# DATA RECORDS
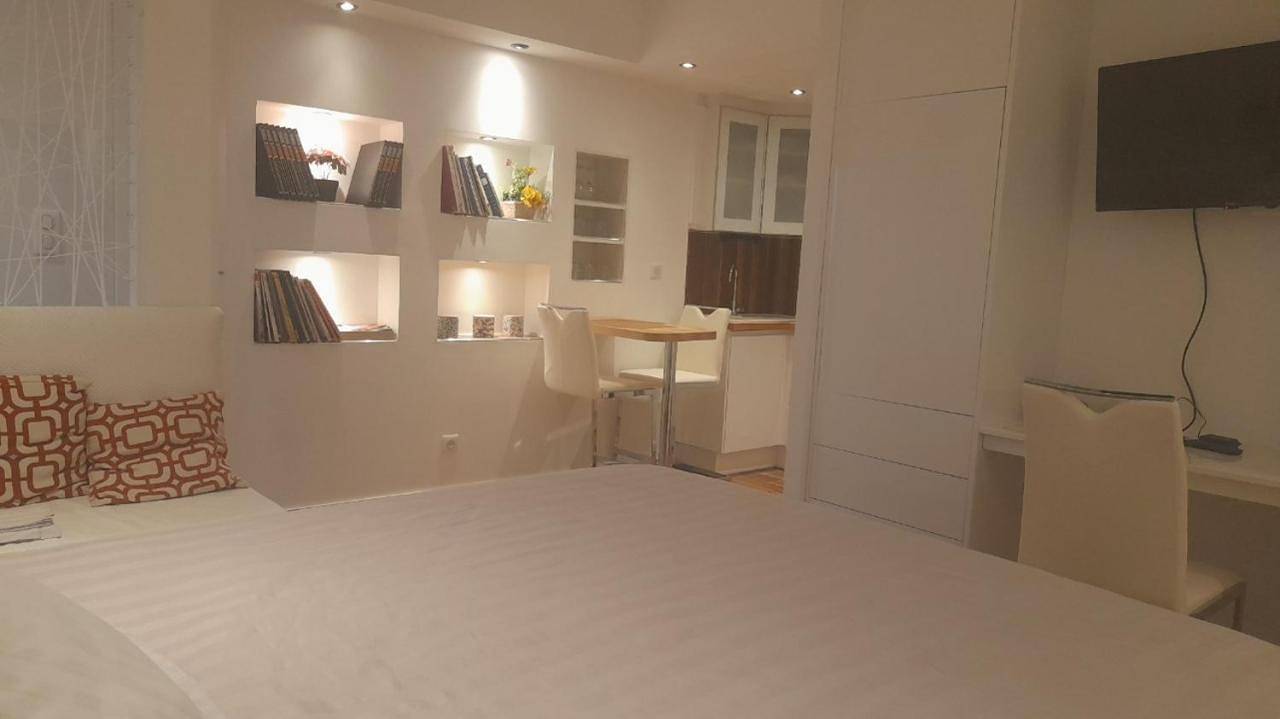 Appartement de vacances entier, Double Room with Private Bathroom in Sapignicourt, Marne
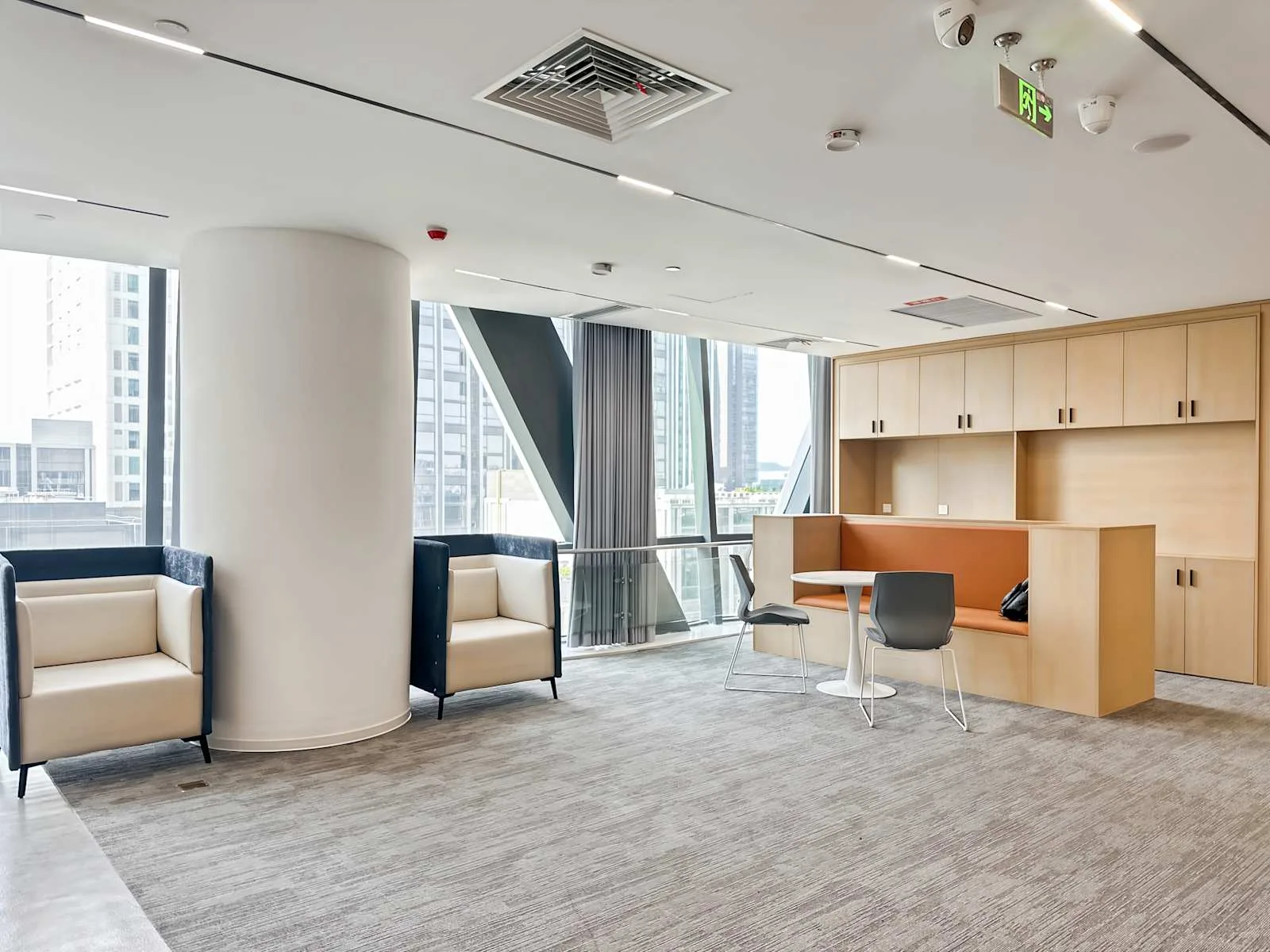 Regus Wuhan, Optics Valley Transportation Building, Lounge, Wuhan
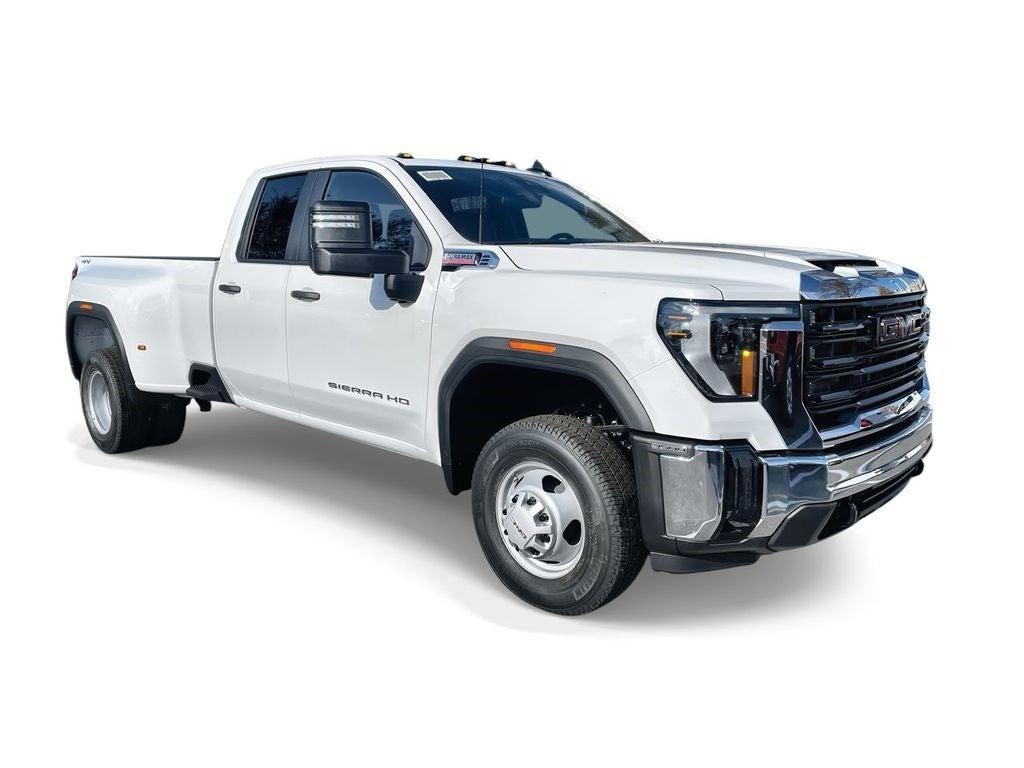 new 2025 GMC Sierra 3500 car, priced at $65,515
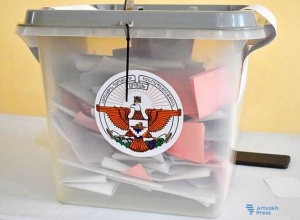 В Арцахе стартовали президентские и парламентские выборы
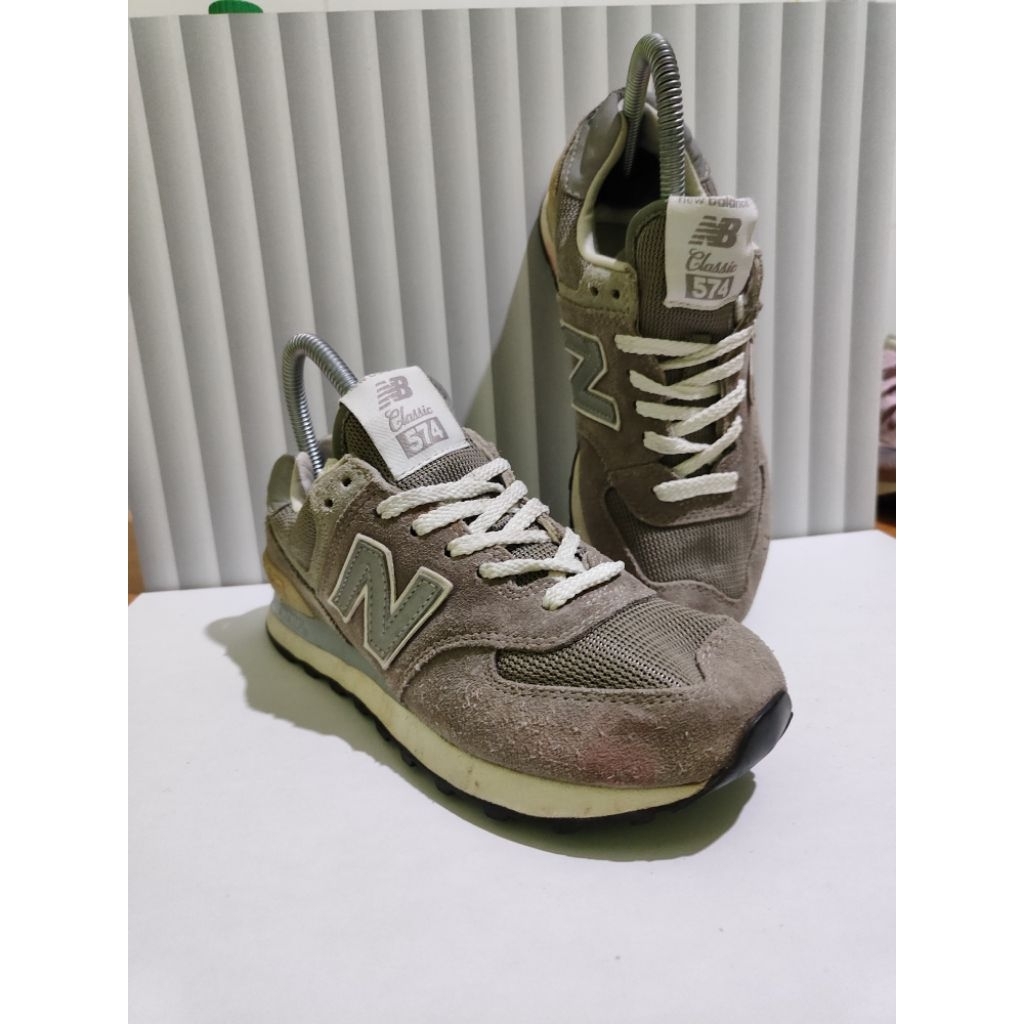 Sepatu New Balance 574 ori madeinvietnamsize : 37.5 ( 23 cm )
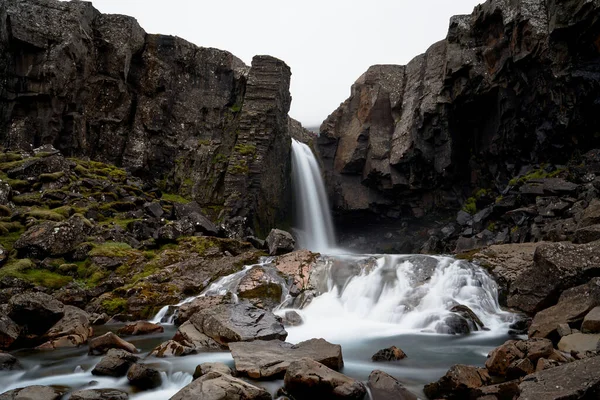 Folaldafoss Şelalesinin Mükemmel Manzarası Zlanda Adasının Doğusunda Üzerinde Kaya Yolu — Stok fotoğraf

# PROBLEM STATEMENT
Would you output the data exactly, without any of its images?

# WRITTEN ANSWER
 Appartement de vacances entier, Double Room with Private Bathroom in Sapignicourt, Marne
 Regus Wuhan, Optics Valley Transportation Building, Lounge, Wuhan
 new 2025 GMC Sierra 3500 car, priced at $65,515
 В Арцахе стартовали президентские и парламентские выборы
 Sepatu New Balance 574 ori madeinvietnamsize : 37.5 ( 23 cm )
 Folaldafoss Şelalesinin Mükemmel Manzarası Zlanda Adasının Doğusunda Üzerinde Kaya Yolu — Stok fotoğraf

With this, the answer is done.